Creator: Patrick Connole
Exclusive: Jonathan Blum Talks Staffing Mandate, Less Tension

In a wide-ranging talk with Park Place, former top federal healthcare official Jonathan Blum shared his views on where value-based care should focus its attention, staffing mandates, and more.
In a wide-ranging talk with Park Place, former top federal healthcare official Jonathan Blum shared his views on where value-based care (VBC) should focus its attention, expectations for a new stab at nursing home staffing mandates if Democrats get back in control of Washington, and what he laments most about the state of the healthcare system.
One of the nation’s foremost experts on the policy development and administration of federal health insurance and financing programs, Blum is the co-founder and co-managing partner of Health Transformation Strategies, a strategic advisory and consulting firm, supporting leading healthcare companies and organizations. He is also a non-resident senior scholar at the USC Schaeffer Center for Health Policy and Economics.
But most people in the world of SNFs know Blum from his duties at the Centers for Medicare and Medicaid Services (CMS), where he worked most recently during the Biden Administration as the principal deputy administrator and COO.
Staffing Again?
As reported recently in Park Place, the talk of staffing mandates has returned to the policy debate, notably because Democrats like their chances to win back control of Congress in the midterms this year, and further out the presidency in 2028. Thus, some Democrats are laying out policy proposals based on “what if” scenarios, and one of the healthcare targets remains the nursing home staffing mandate, which the courts and the Trump Administration effectively killed off last year.
Blum said, “I think that Congress and advocates for staffing mandates” will certainly act if Democrats return to power but realistically that would only occur if the electoral tides go their way in the next two elections, putting the time frame for movement on mandates in the 2029-2030 period.
He also said such mandates would be attempted through the legislative process in a nod to the way in which the courts rejected the Biden Administrative rule.
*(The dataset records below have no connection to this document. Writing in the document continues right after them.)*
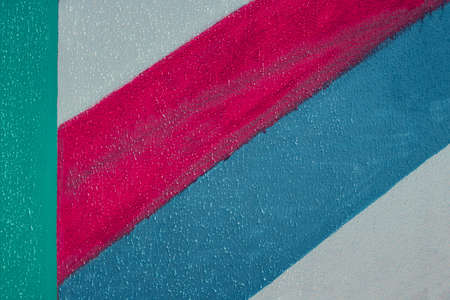 Wall colored lines texture background.の写真素材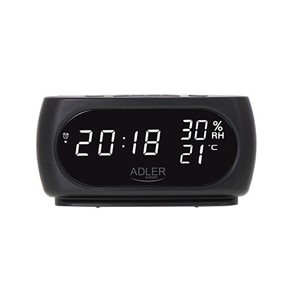 Adler AD 1186 alarm clock Digital alarm clock Black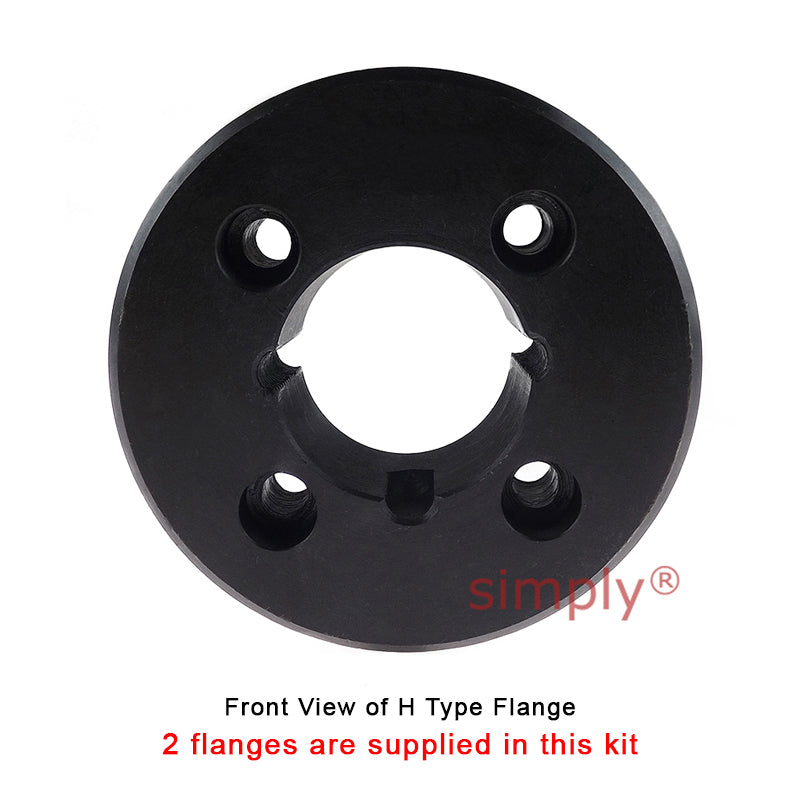 Major Brand F40H/F40H Outer Facing Taper Bores Type Tyre Drive Coupling Assembly with Natural Rubber Tyre
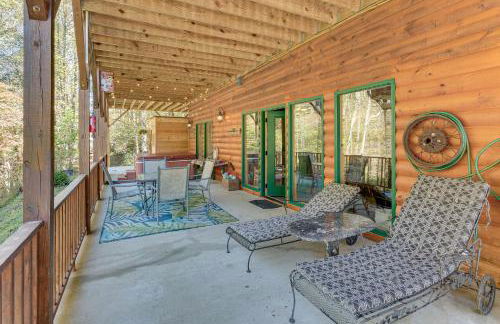 Deck and Sauna Avalon Woods Riverfront Retreat - Foto 34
Blum said that a Democratic Congress would also likely examine transparency in the ownership structure of SNFs, Medicare and Medicaid financial pressures, more examination of margins and financial profitability in the sector, and the aforementioned staffing mandates.
Innovation Models
Shifting gears, Blum said skilled nursing providers should definitely be looking at how they can best partake in VBC models that CMS and its innovation department have been promoting in recent months. A provider needs to ask, “what’s the reason to participate in a new model,” and to have a clear understanding of the risk they can take on.
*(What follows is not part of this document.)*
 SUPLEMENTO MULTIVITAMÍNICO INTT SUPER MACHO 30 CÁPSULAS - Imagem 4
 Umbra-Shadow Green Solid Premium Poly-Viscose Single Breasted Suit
Blum said much of the work being done by CMS on new models of care, like the next-generation LEAD accountable care organization, would be produced under a Democratic or Republican administration, but any new care models need to keep focused on what is most important.
“Too often, a new payment model centers on what’s to gain for the provider and not enough on what VBC is really about, and that is better patient care,” he said.
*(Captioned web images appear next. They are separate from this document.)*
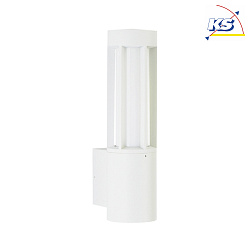 Luminaire mural d'extrieur TYPE NO 0215 cylindrique, avec spot LED E27 + GU10 44, blanche gradable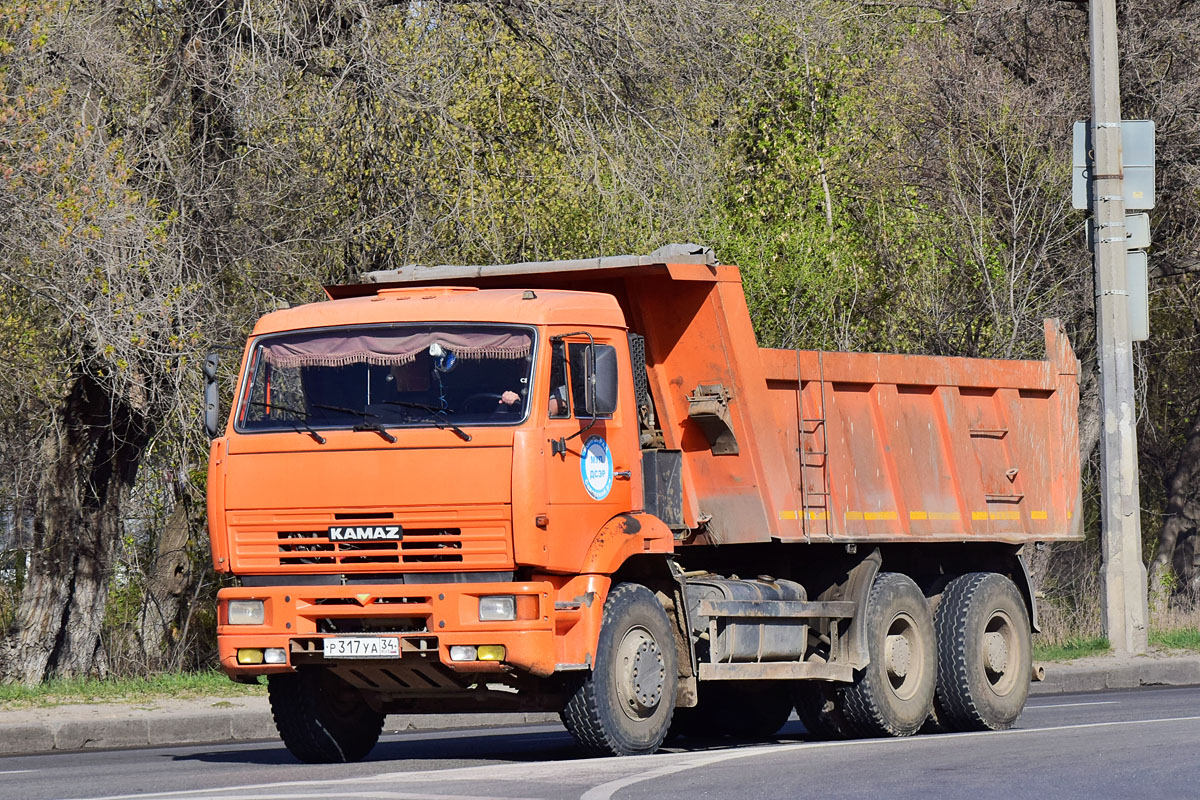 Волгоградская область, № Р 317 УА 34 — КамАЗ-6520 [652000]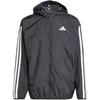 Essentials 3-Stripes Windbreaker Black/White Men Streetwear JE6325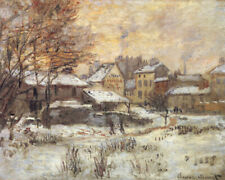 Hand-painted Oil Painting Claude Monet - Snow Effect With Setting Sun (1875)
As to what the future may hold on new payment models, Blum said there is a theoretical debate going on inside CMS, other government agencies, and healthcare payment experts about whether you need downside risk to get better results from Medicare offerings.
“There is some talk coming from CBO that says when a provider faces downside risk that presents a better opportunity for cost savings but taking on more risks has costs for the provider and the system, and it drives consolidation,” he said.
It also may bring in private equity to the market so that providers can build their financial reserves made necessary by the risk. “There is not one right answer on this, but the discussion has to be had on what’s the appropriate level of risk and what those levels mean to better outcomes and how do we think of unintended consequences,” Blum said.
Can We Get Along?
Separate from the talk of specific programs and policies, Blum said since leaving government service, he has spent the last two years and even before that after his first stint with CMS during the Obama years, wondering how to alleviate the tension in the healthcare system.
He said he was “surprised to see how much tension and conflict there is among payers and provider organizations.”
“I think we have seen that one cause of the tensions is each side not understanding what the other side is trying to accomplish.”
Blum said more dialogue would help in understanding each side’s goals and even their respective roles in the healthcare system.
“The tension and conflict cause more burden than necessary on the healthcare system, more challenges for patients’ access to care. We need more time and space to resolve those tensions, and the patient will be better off,” he said.